IMHO, there's two kinds of cutting..
One is where you've got all the time in the world.. you basically buy the cheapest saw that will do the job. If it's slower.. Oh well.. It was cheap ( but still a quality name brand ) ! You only cut 10 cords or less a year... properly maintained, it'll go at least a decade, ( as long as it's not a Chinese knock off.
). For example, I'll use my Echo 355T for stuff that probably really should have been something bigger. I'll use it to drop anything that doesn't bury the bar. ( softwood , Birch. ) But, with no time frame, no hurry, I can finish this tomorrow, or the day after, depending on the weather.. I prefer the lighter saw.. It's easier on my retired body.

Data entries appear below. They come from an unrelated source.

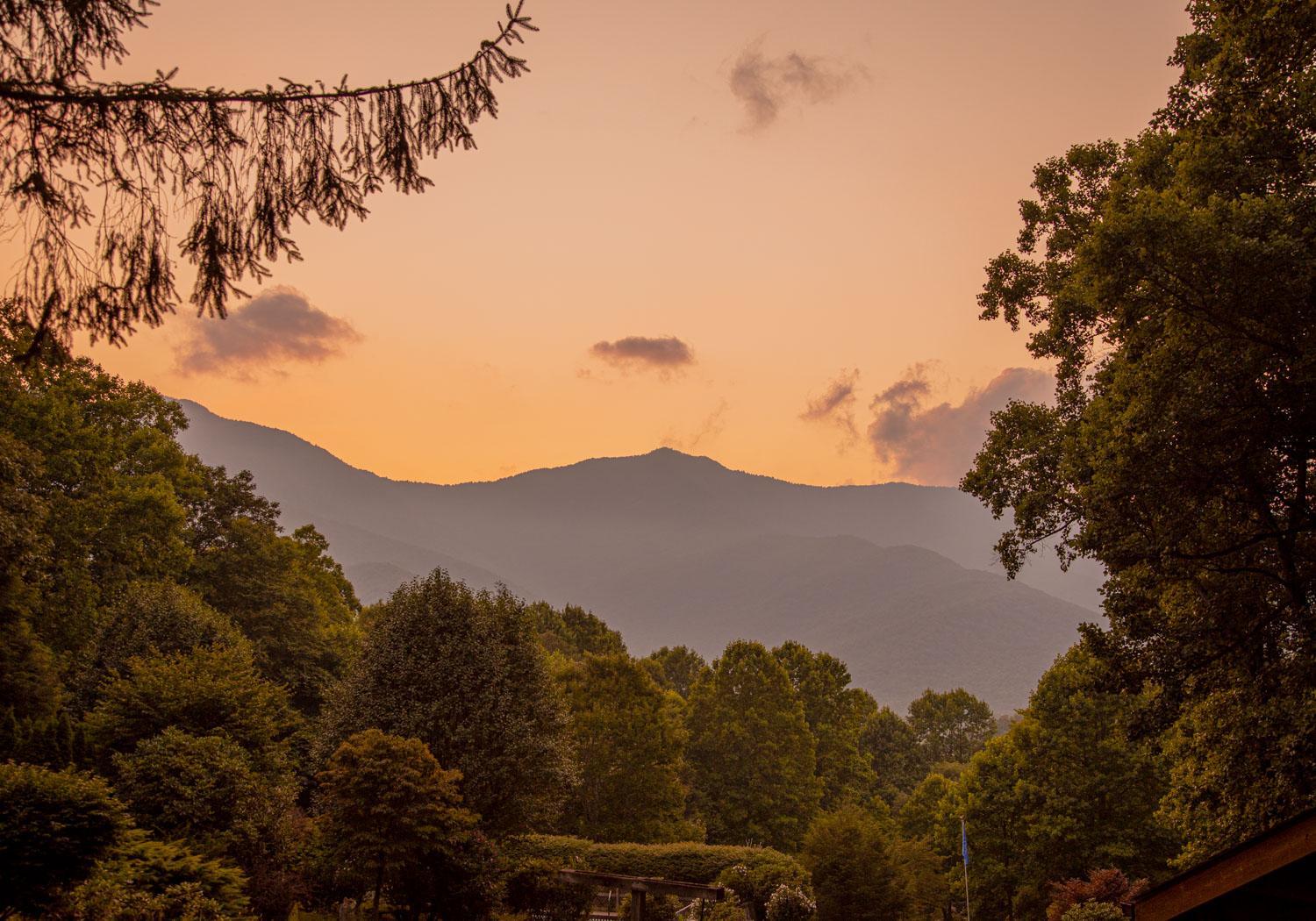 Mount Mitchell Eco Retreat view 3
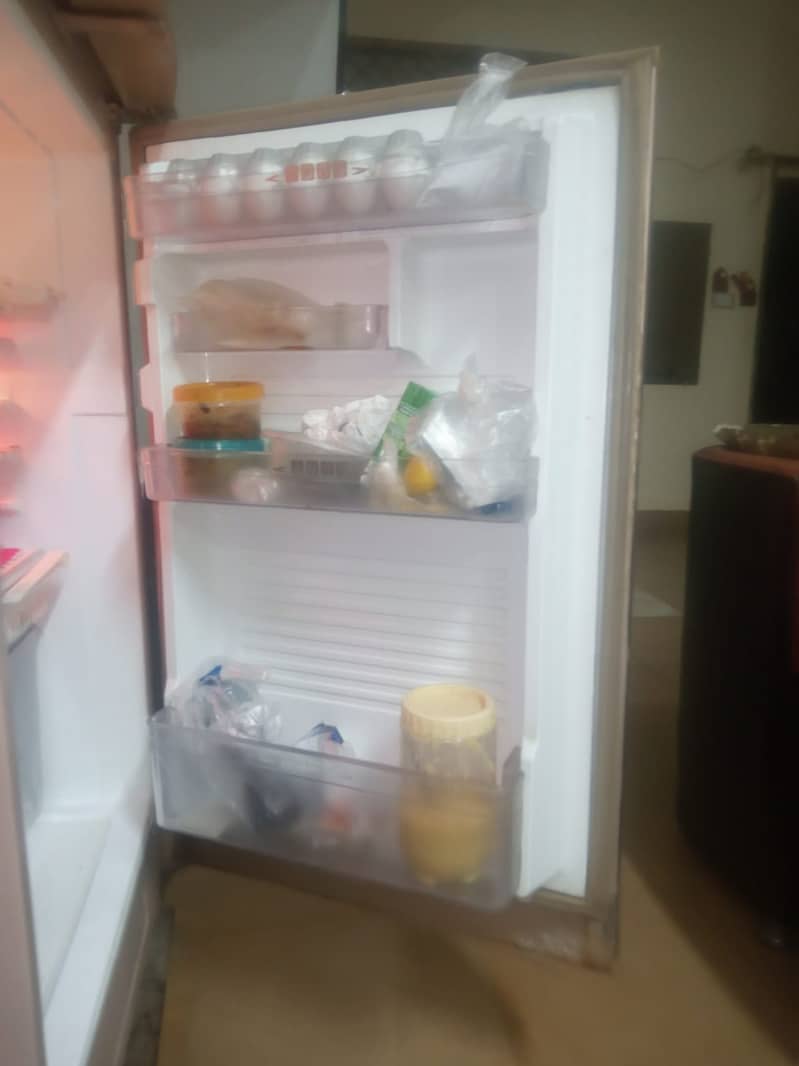 Dawlance Refrigerator Fridge 9/10 Condtion 4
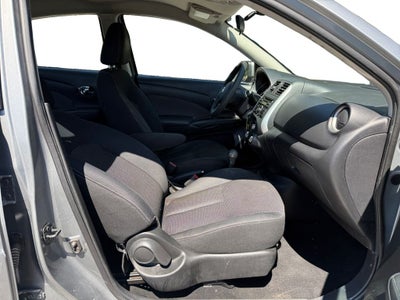 2014 Nissan Versa 1.6 SV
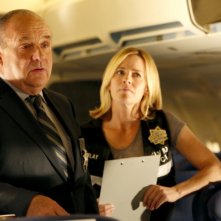 CSI: Paul Guilfoyle ed Elisabeth Shue in una scena dell'episodio Keep Calm and Carry On
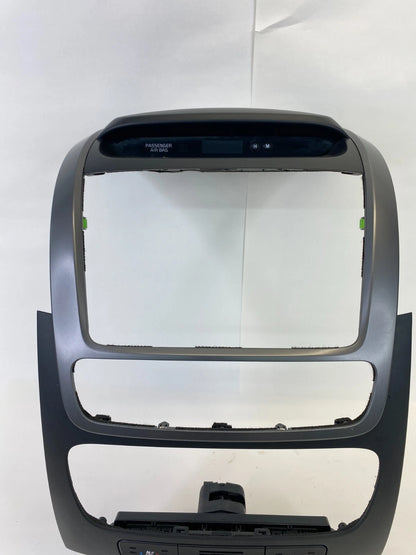 20014 2015 KIA SORENTO CENTER DASH RADIO & CLIMATE CONTROL TRIM BEZEL W/ CLOCK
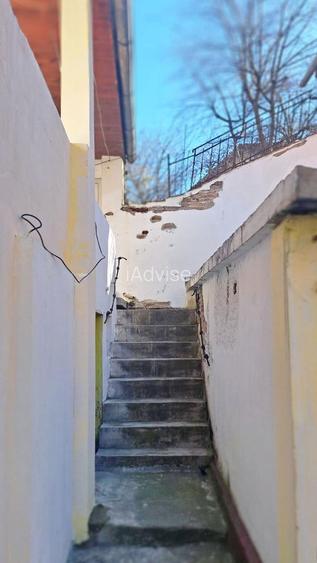 CASA CU TEREN GENEROS si acces pe doua fronturi - 5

Two, is where you're cutting for money.. on a regular and consistent basis. Especially if you've quoted a job at a set price. The customer doesn't give a rat's petootie how long it takes you. It's irrelevant to them. They don't care if you do it with a dull Sawzall. Straight maths, if the cheaper saw ( too small ) , takes ten seconds more per cut, and you're doing 200 cuts a day ( ever cut down a tree that didn't require 200 cuts?) .. that's 2,000 seconds. That's over a half an hour a day. Cut 200 days a year.. That's 110 hours.. almost three weeks ( in man hours ), of work. Think about it.. Three weeks worth of work.. At $25.00 ( minimum ), an hour, times 110 hours, is over $2,500. That'd pay for a hell of a saw upgrade. Waiting for the saw to make cuts? I can't fathom that on a job site. Add onto that, if you're running a crew, if they are waiting for you, ( or your Arborist ), or anyone else on the crew, to drop stuff, so that it can be processed.. that's an additional cost to the job, that eats into profitability. Combine that with ground crew losing seconds per cut, per day, per week, per year.. the results are huge.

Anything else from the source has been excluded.